2) Üretici, aracı (pazarlamacı) sektör +tüketici üçgeninde resmi kurumlarımızın konuyla ilgili oto kontrol, takip mekanizmasını çalıştırabiliyor mu?

3) Çarşıda, pazarda, sabit yahut mobil durumdaki esnafın pazarladığı gıda maddesi çeşitleri üzerinde duyusal-fiziksel- bakteriyel, kimyasal bakımlardan analizleme ve değerlendirme işlemleri yapılıyor mu?

4) İmalattan tüketime kadar olan üretim-tüketim ilişkileri boyutunda gıdaların ruhsatlı mı, merdiven altı mı olduğu hususlarında gerekenler yapılıyor mu?

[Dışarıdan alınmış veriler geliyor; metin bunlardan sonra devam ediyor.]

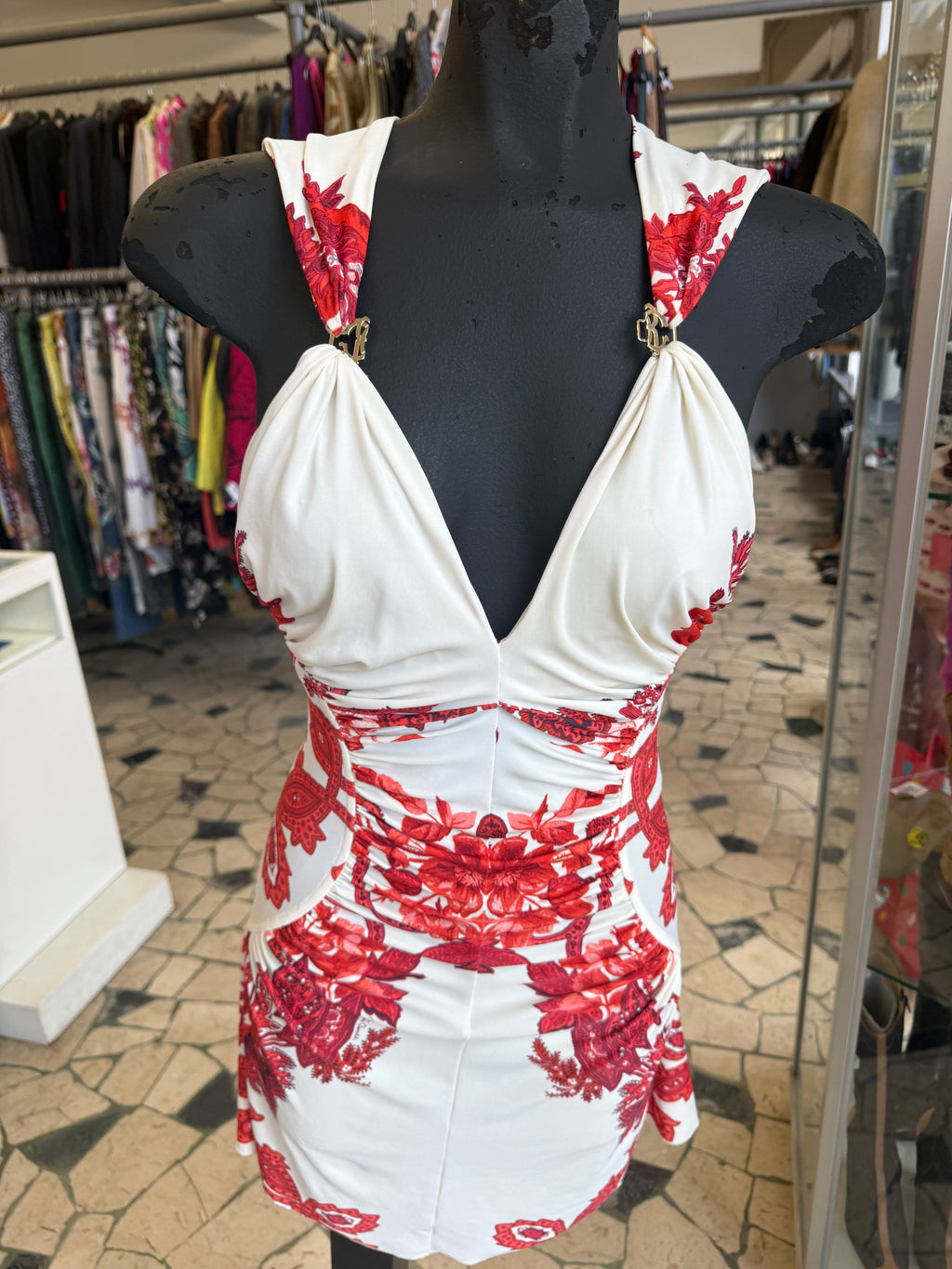 Abito fiori e paisley Roberto Cavalli SS2007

5) Bir örnek olarak; 2.500.000 mertebesinde nüfusa sahip Antalya kenti dikkate alındığında, şehir merkezi dahil, Gazipaşa'dan Kaş ilçemize kadar olan alanda; gıda mevzuatı (tüzük ve ilgili yönetmelik düzeyinde) gerekli oranlarda numune alınıyor mu? gıda üretiminden tüketimine kadar olan pazarlama alanları vb. ortamlarda gerekli olan denetim mekanizması ne ölçüdedir?

6) Yukarıda verilen nüfus yüzdesine göre aylık kaç adet gıda numunesi alındığı Hıfzıssıhha enstitüleri ve halk sağlığı laboratuvarları kapatıldığına göre alınan gıda numunelerinin hangi laboratuvarlarda yapıldığı, kaç tanesinin GMT ne uygun, kaçının GMT ne aykırı olduğu ile ilgili olarak ilgili kurumlarımızda bir çalışmanın olup olmadığı?

7) Sebze, meyve, baklagil, buğday, arpa, hayvan yemi ve genelinin üretiminde kullanılan kimyasallar dikkate alındığında tüketilmeye (yenilmeye) hazır durumdaki gıdalarımızda kimyasal madde residüsünün bulunup bulunmadı? 8) Bütünüyle bu konularda halkımızın (tüketicinin) yasal dayanağı itibarıyla bilgi alma hakkı olduğuna göre; tükettiğimiz gıdalar ve içtiğimiz sular hakkında analiz raporları her ay kentimizin muhtelif noktalarında uygun zeminlere zapt edilerek halkımızı bilgilendirmeyi düşünüyor musunuz?

ÖZETTEN DE HAREKETLE: 

Devletin ilgili kurumu yahut kurumları olarak bu çalışmaları ifa etmek suretiyle halkımızın kimyasal terörden uzak; yeterli ve temiz gıdaya-suya erişmesini sağlamak, kurumlarımızın anayasal görevidir.